[Items listed in a dataset]
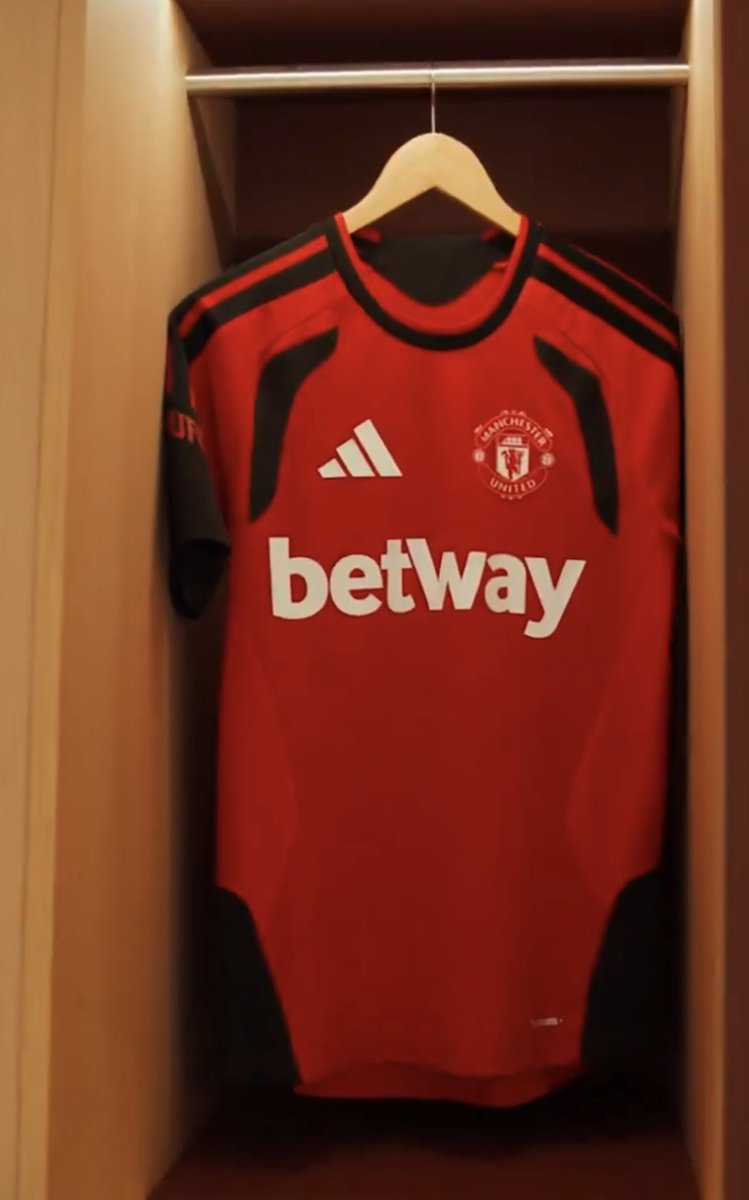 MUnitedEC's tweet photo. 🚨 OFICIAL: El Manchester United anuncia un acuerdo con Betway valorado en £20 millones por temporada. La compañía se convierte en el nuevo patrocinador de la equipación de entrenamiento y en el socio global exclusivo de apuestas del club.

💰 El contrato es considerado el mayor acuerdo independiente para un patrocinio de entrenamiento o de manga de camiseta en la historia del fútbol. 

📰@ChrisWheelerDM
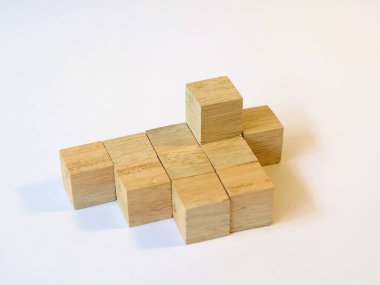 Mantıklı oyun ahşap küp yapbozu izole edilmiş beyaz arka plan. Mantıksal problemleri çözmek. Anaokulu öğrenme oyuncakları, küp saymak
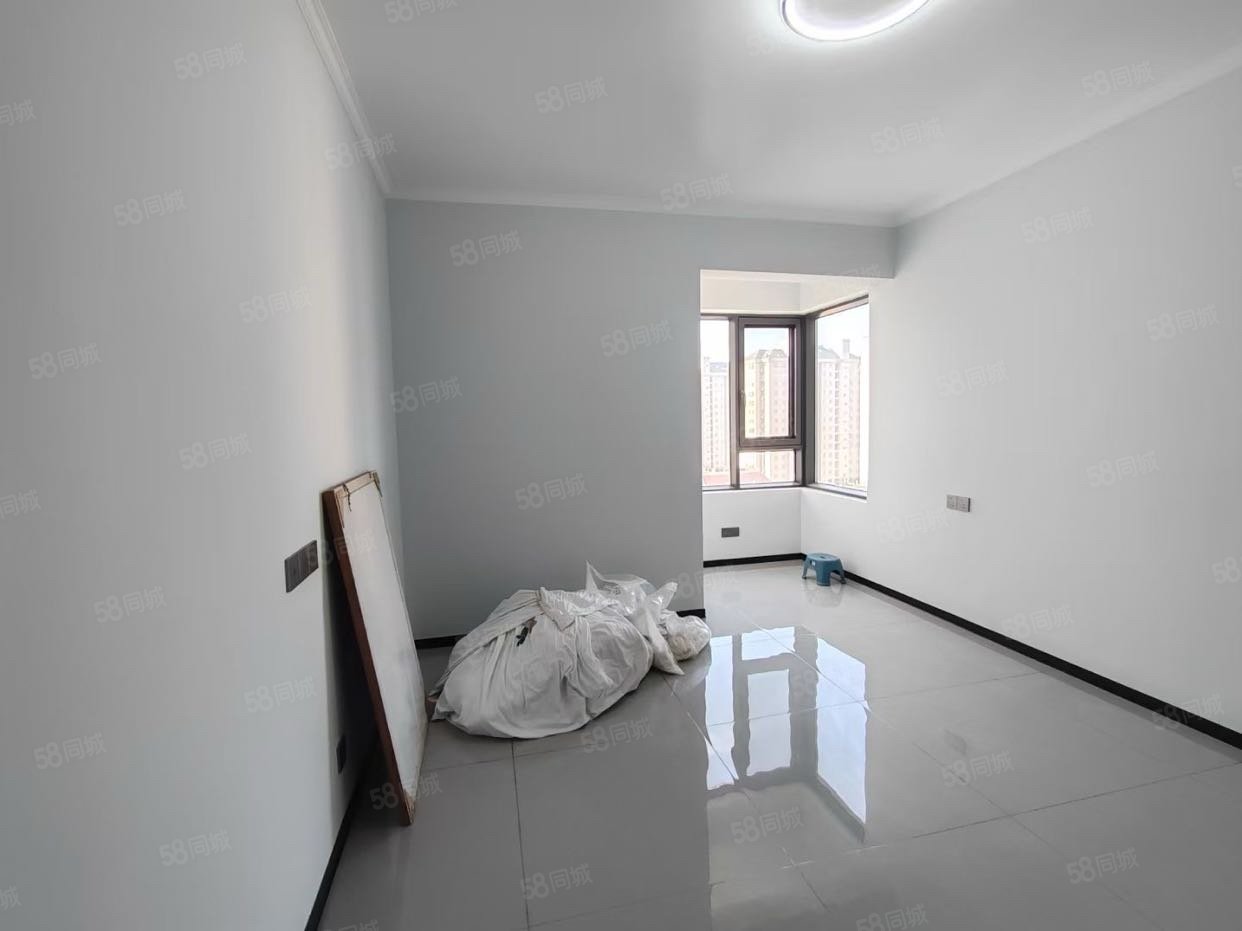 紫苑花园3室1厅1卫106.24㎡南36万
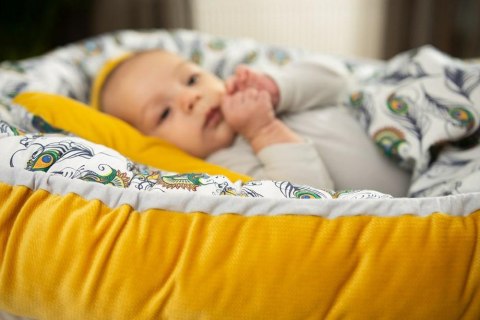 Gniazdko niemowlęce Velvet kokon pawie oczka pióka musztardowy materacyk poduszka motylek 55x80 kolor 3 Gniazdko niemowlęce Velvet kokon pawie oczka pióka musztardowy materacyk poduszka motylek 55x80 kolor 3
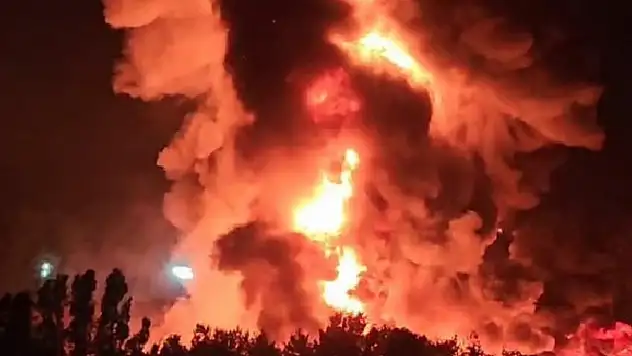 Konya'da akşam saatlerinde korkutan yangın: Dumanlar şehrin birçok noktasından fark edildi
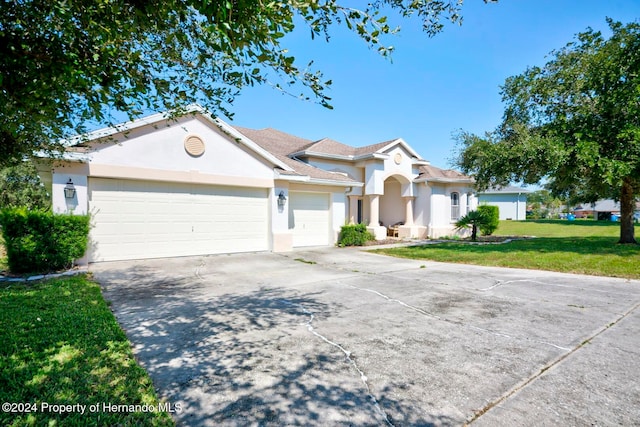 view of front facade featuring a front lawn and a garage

**What the task requires**
From the first line to the last, repeat the data above exactly and leave the pictures out.

**Answer space**
 MUnitedEC's tweet photo. 🚨 OFICIAL: El Manchester United anuncia un acuerdo con Betway valorado en £20 millones por temporada. La compañía se convierte en el nuevo patrocinador de la equipación de entrenamiento y en el socio global exclusivo de apuestas del club.

💰 El contrato es considerado el mayor acuerdo independiente para un patrocinio de entrenamiento o de manga de camiseta en la historia del fútbol. 

📰@ChrisWheelerDM
 Mantıklı oyun ahşap küp yapbozu izole edilmiş beyaz arka plan. Mantıksal problemleri çözmek. Anaokulu öğrenme oyuncakları, küp saymak
 紫苑花园3室1厅1卫106.24㎡南36万
 Gniazdko niemowlęce Velvet kokon pawie oczka pióka musztardowy materacyk poduszka motylek 55x80 kolor 3 Gniazdko niemowlęce Velvet kokon pawie oczka pióka musztardowy materacyk poduszka motylek 55x80 kolor 3
 Konya'da akşam saatlerinde korkutan yangın: Dumanlar şehrin birçok noktasından fark edildi
 view of front facade featuring a front lawn and a garage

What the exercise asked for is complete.